The study published this week highlighted several approaches the chromosome teams are using to track down the remaining proteins. For instance, in the case of proteins expressed only in specific tissues or cell types, proteogenomic methods combining RNA analysis with targeted mass spec could enable researchers to use mRNA data to identify the specific sample type in which the corresponding proteins are most likely expressed. This could then be followed by targeted mass spec analysis using multiple-reaction monitoring or antibody enrichment to detect such proteins.
Another way forward is to use different workflows to "expand the chemical space," in which the researchers are able to search effectively. The JPR study cited work by the C-HPP's Chinese team that found in an analysis of multiple tissues and cell lines that hydrophobicity and low molecular mass are key properties for predicting unsuccessful detection of a protein.
The authors called for the use of more specific enrichment methods for targeting such difficult proteins, citing in particular work using a two-dimensional chromatography combining high-pH reversed phase strong anion exchange and low-pH RP stationary phases that increased identification of missing membrane proteins.
Beyond working on ways to expand proteome coverage, Hancock cited as a major achievement of the C-HPP the stimulation of development of the ProteomeXchange resource, which allows researchers to submit a variety of proteomics data that can then be moved and shared between various repositories including the European Bioinformatics Institute's PRIDE repository and the Institute for Systems Biology's PeptideAtlas and PASSEL repositories.
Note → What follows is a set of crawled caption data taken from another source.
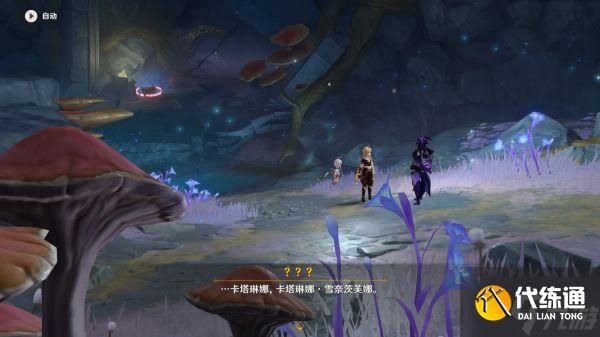 《原神》世界任务他乡迷失客攻略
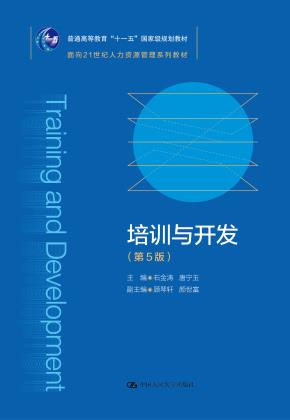培训与开发（第5版）（面向21世纪人力资源管理系列教材；普通高等教育“十一五”国家级规划教材）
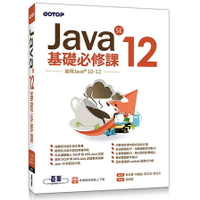 Java SE 12基礎必修課(適用Java 12~10.涵蓋OCJP與MTA Java國際認證)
Data sharing is of high importance to the C-HPP project, which mandates submission of all raw mass spec data generated by the project. This allows for reanalysis by other researchers as well as litigation of disputes between researchers regarding the quality of data.
And, as the project continues to delve deeper into the proteome, questions of data quality will likely take on even more weight. As Swiss Federal Institute of Technology Zurich researcher Ruedi Aebersold observed at the 2014 HUPO annual meeting, the field has reached "the phase where there is quasi saturation of shotgun [mass spec] discovered proteins."
When dealing with such large, saturated datasets, confidently claiming new identifications is statistically difficult, he said, because these identifications will typically be within the margins of error.
With this in mind, "there is quite a bit of effort [within the C-HPP] going into improving the quality of identifications in terms of limiting false positives," Hancock said, "such as the length of a peptide – how many residues do you need [for a confident ID]? Seven or nine? "
On the other hand, he noted, "if you are after alternative splice variants, it may well be that there is one small difference in one small region [of a peptide], and so that may be all that you have."
"How can you do a better job there?" Hancock asked. "Once you identify the peptide with a small difference and you have good quality MS/MS spectra, do you then have to get a synthetic peptide and match its fragmentation spectra?"
"So there is all this work going on," he said.